The code produced is not runnable as such, it requires back pointers
to be fixed up, pointers into the middles of strings to be produced
(for closures of mutually recursive structures), external values to be
resolved etc.

Having produced some runnable code, it is run (using a System hook) to
produce a list of store_values, in one to one correspondence with the
domain of the compilation environment. This list is unpicked in order
to produce a new compilation environment which overrides the existing
one in new_cb. This then augments the existing compilation
environment.

Areas requiring System assistance.
1) Producing the top level closure.
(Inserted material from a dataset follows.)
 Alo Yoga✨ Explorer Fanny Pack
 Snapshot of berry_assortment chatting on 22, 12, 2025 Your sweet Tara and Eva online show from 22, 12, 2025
This requires a function
store_value list -> store_value tuple (or maybe store_value)
2) Converting the produced code strings to store_values. This requires
a function string -> store_value which is just the identity.
3) Producing code pointers into the middles of strings, for closures
of mutually recursive functions. This requires a function string * int
-> store_value, of which item 2 above is a special case.
4) Calling the code. This requires a function store_value ->
store_value list, taking the top level closure to the result of
running it.

Other compiler modifications.

The load_string primitive is unnecessary for the incremental system,
but some analogue is. A possibility is to add a lambda calculus
constructor EXT : store_value -> LambdaExp. Mir_Cg would translate
this to EXT_REF store_value, or something similar, and eventually the
store_value concerned would pop out of Mach_Cg as a (position,
store_value) pair to be placed in the top level closure. The
modifications to Mir_Cg and Mach_Cg to achieve this would be minimal,
however the effect on the lambda calculus transforming sections would
be major. It would be nice to find a better way of passing these
values through without causing such disruption.